The 18 Australian and 18 Korean carcasses × 2 carcass suspension treatments × 3 muscles × 2 cooking techniques provided 216 samples for sensory testing by Australian consumers (the Australian consumers tested only Australian samples) and 432 samples for sensory testing by Korean consumers (the Korean consumers tested both Australian and Korean samples).
The sensory design has been described in detail by Thompson et al. (2008). Briefly, samples from animal, muscle, carcass suspension combinations were used to prepare five steaks and 10 BBQ strips that were allocated to consumer and tasting position using a Latin square design. These samples were cooked by grill and Korean BBQ methods in accordance with MSA protocols to serve to untrained consumers [a brief summary is given in the Accessory Publication to Watson et al. 2008 (available online)].

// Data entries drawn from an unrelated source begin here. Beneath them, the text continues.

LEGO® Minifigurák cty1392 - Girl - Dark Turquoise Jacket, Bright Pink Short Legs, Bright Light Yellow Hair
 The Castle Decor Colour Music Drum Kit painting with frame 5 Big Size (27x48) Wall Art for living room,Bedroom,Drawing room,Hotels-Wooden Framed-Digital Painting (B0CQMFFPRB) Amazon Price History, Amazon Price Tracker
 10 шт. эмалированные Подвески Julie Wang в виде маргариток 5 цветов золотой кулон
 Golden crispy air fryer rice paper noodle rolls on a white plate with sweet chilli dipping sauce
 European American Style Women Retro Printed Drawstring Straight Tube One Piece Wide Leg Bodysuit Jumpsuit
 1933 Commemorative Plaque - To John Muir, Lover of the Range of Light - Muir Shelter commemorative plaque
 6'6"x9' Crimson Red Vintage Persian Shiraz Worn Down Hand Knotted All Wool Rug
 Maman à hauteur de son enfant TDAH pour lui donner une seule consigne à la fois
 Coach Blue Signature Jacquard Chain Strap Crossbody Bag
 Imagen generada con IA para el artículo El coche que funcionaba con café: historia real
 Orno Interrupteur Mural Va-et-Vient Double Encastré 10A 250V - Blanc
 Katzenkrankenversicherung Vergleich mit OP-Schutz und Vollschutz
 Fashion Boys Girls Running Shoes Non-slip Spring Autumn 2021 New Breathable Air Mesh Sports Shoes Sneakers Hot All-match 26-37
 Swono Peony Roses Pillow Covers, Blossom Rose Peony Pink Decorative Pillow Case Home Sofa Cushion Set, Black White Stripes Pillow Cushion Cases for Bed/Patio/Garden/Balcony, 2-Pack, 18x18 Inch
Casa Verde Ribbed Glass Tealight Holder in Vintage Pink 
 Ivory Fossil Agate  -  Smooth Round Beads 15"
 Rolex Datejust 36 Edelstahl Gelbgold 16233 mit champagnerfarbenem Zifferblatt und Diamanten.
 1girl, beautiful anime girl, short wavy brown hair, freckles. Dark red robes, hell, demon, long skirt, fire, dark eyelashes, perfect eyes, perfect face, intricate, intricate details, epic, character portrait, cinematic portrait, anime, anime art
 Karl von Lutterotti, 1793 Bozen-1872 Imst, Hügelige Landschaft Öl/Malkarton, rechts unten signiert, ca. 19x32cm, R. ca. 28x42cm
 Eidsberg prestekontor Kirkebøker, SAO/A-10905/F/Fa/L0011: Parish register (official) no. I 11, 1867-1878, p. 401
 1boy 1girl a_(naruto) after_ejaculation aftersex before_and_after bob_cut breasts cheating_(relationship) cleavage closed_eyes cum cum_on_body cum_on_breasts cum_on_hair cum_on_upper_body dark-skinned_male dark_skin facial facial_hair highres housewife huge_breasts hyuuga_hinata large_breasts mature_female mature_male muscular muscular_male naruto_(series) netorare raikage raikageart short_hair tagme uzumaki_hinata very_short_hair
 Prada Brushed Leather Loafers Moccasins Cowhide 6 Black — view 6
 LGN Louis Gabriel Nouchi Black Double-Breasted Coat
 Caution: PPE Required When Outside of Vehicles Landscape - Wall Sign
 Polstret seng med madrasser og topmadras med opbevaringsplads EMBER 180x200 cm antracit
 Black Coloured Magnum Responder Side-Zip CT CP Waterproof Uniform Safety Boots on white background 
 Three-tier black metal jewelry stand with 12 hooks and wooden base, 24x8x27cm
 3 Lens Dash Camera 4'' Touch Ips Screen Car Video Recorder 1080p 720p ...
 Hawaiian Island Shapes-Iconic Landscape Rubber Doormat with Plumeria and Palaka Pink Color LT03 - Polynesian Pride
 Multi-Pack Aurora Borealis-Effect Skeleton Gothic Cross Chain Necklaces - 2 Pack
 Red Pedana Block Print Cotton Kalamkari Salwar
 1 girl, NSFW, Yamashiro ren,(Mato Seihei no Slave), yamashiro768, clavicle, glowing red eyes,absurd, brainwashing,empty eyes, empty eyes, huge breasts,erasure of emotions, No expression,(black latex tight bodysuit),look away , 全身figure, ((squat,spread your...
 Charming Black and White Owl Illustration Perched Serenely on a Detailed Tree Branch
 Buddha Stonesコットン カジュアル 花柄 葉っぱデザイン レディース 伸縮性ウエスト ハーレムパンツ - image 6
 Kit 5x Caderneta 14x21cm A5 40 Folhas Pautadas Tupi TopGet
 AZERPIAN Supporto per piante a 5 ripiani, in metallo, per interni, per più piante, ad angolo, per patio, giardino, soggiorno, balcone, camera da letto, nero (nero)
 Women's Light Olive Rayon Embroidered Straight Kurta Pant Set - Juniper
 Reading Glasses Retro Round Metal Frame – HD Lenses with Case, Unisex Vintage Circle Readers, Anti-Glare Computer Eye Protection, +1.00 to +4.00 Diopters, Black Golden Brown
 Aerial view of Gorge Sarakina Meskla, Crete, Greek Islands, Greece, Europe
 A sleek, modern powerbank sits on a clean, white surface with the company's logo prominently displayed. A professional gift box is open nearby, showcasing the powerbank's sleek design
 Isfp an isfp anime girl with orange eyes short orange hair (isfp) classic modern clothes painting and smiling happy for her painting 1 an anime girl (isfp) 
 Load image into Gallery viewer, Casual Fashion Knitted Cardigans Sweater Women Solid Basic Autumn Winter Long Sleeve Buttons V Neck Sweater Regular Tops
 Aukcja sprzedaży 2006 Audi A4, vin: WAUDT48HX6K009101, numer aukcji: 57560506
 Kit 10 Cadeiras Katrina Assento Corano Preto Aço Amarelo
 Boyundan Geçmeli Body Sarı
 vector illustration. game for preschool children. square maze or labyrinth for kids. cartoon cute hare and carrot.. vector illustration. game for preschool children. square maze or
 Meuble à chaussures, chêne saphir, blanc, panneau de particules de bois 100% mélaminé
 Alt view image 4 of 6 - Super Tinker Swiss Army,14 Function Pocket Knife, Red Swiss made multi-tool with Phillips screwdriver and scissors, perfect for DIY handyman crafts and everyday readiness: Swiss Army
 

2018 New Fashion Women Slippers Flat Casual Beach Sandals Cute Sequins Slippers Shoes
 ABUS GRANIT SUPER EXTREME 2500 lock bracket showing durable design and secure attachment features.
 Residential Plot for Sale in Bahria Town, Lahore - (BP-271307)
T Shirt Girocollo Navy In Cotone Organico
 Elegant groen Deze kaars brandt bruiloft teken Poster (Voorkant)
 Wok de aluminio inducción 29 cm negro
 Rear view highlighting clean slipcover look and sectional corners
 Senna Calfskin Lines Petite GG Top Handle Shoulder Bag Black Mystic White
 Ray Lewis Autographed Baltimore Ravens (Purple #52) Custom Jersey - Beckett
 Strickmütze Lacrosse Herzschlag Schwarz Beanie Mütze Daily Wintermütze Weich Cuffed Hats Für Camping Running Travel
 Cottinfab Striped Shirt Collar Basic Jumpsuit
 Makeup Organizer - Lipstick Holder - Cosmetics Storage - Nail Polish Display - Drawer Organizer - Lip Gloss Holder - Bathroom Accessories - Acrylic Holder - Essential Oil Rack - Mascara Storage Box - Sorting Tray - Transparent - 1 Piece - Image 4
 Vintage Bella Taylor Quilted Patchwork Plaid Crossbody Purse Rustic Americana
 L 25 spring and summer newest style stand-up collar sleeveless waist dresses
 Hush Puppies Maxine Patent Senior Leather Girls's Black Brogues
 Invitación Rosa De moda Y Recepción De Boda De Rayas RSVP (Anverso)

The grill panels comprised 108 samples allocated across nine sessions, where a total of six experimental samples were fed to each of the 180 consumers. Each of the five steaks prepared from each sample was served in a different session (a session was a group of 20 consumers). The BBQ panels were a modification of the above design, where each taste panel comprised 36 samples allocated across five groups of 12 consumers. For each of the BBQ panels, a total of six experimental samples were fed to 60 consumers. BBQ strips from each sample were served in each of the five groups of 12 consumers. In both the grill and BBQ panels a common starter sample was served to each consumer before the six experimental samples.
For the two grill taste panels (each of 108 samples) conducted in Korea, each consumer received three Australian and three Korean samples. In Australia, the 108 grill samples were tested in two taste panels, where each consumer received three samples from the present experiment and three samples from other ongoing experiments. For the six BBQ taste panels conducted in Korea, each consumer received three Korean and three Australian samples. For the Australian BBQ taste panels, 108 samples were tested in three taste panels, each comprising 60 consumers and 36 samples from the present experiment.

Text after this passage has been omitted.